Now that we know our contenders lets take a look at the stakes in the game. As we know, mice need a nest just like we need our homes. It's a place to put our tiny little paws up and relax. Now more often than not, for mice that home ends up becoming a warm, safe, cozy space in the corner of our sheds, where they hope to be left alone from our traps and our occasional feline companions. But this home isn't always as innocuous as it may seem. In fact, the all time favorite spot for our furry little friends is underneath the blower housing (main cover) of our lawn mower engine.
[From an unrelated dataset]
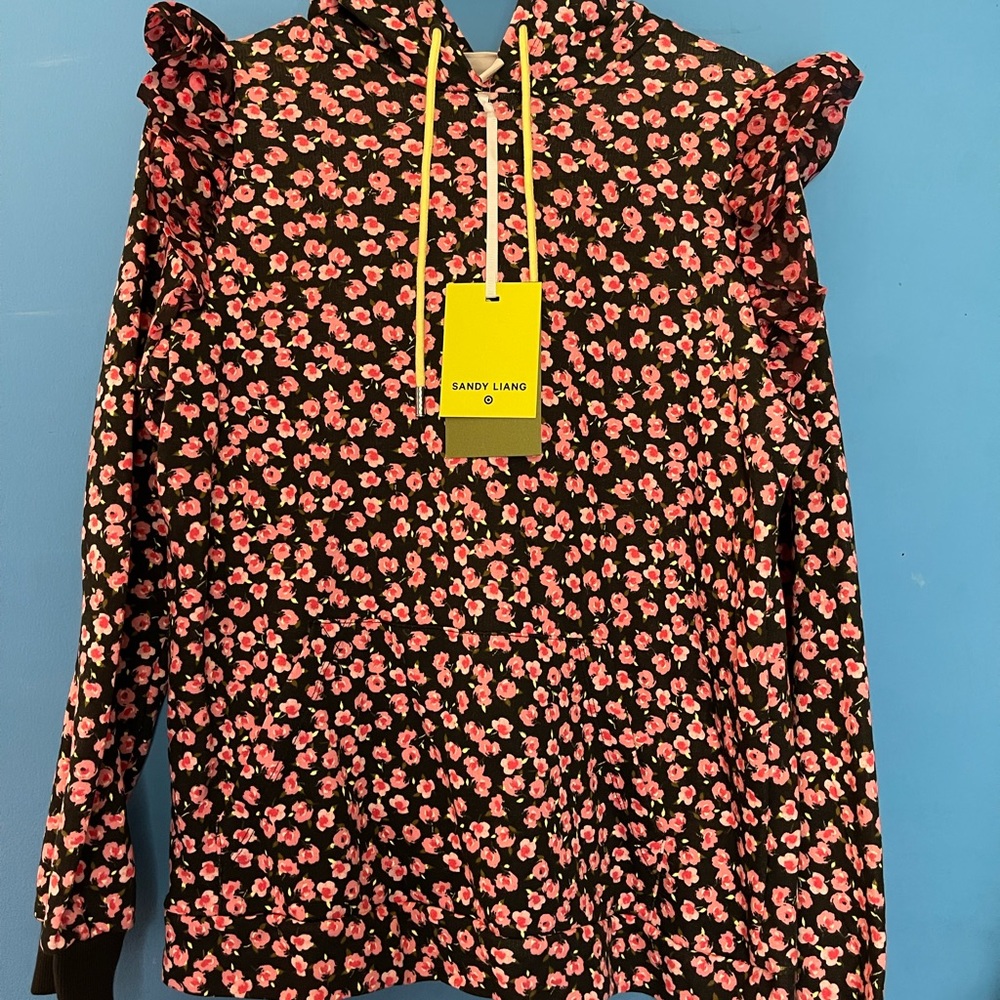 Sandy Liang Target Ditsy Floral Ruffle Hoodie Long Sleeve Sweatshirt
Now this may seem harmless enough, but it isn't always that simple. 

First, mice don't just cuddle up on the, oh-so cozy, hardened, aluminum fins that make up our engine heads. Most of the time they want a little insulation to stay warm and a little bed to sleep, and poop on. And even further, this bed often ends up being pieces of fabric and grass they find laying around. As to be expected, living underneath the cover of an engine with 23 children gets a little boring and it's a lot of mouths to feed, so the mice often end up chewing the wires and components of your mowers electrical and ignition system. This can lead to some costly repairs if Mickey and the kids chew entirely through the ignition coil wires or grounding diodes on some engines.

Even further, there's the issue of that little bungalow they have made themselves. Well, no surprsie but Pinky and the Brain don't necessarily make their bed to give themselves a nice place to lay their heads, rather, they construct an insulated home to stay warm! And come Spring... warm it may get! Remember those aluminum fins I mentioned earlier? Those are designed to help keep the engine cool; and if they are filled up with straw, cloth, wire insulation, and actual fiberglass insulation it can get very, very, hot underneath the cover. In fact, we have seen severe head and valve damage and sometimes even engine fire caused by excessive heat around the flammable materials.

Last, but certainly not least, is their... well, excrement. It is not the most common event, but mouse urine has been known to corrode the adhesive that holds charging system magnets to the flywheel. This along with high temperatures and fast speeds may cause the magnets to fly off and damage the magneto. To the layman, well, it isn't a good look if you want to keep mowing for any period of time.


So what do i do?

You could always be a crazy cat person?

Let's say that's not your style. You're allergic, or, maybe you like your current social standing the way it is.

The next best thing is something that may surprise you. Dryer sheets. Yup, dryer sheets. For some reason mice HATE the scent of dyer sheets and will shy away  from nesting in their immediate vicinity. Putting dryer sheets on and around the mower can push them away from your lawn and garden investment and possibly save you a bit of... cheese. Get it? Anyway, if dryer sheets aren't your thing they also do not like mothballs and can use them under the same principle. Juuust remember to remove those dryer sheets before you mow. Unless of course, you want your mower to smell like you had a bonfire at a laundromat.


I didn't know, so, now what?

If you forgot, or didn't know, that mice could cause a problem with your power equipment you may be stuck wondering: "now what!?" Not to worry, if you remove the blower housing, (remember that top cover) from the engine you should be able to inspect, remove, and repair the damage that Stuart Little may have caused over the winter. It is usually a repair that can be done with a pair of nitrile gloves (please wear gloves, mice are gross), a few wrenches, a pair of pliers, and an air gun.


No thanks, try again...

Dealing with this stuff not in your wheelhouse, too gross, or not worth the effort? Good news! Most dealers and small engine service centers are equipped to handle this task.  And further, most places of that sort offer a low rate incentive to service your mower early or pre-season which includes this specific type of inspection and repair standard. Hey, it's our job. Admittedly, not the cleanest part, but part of the job none the less!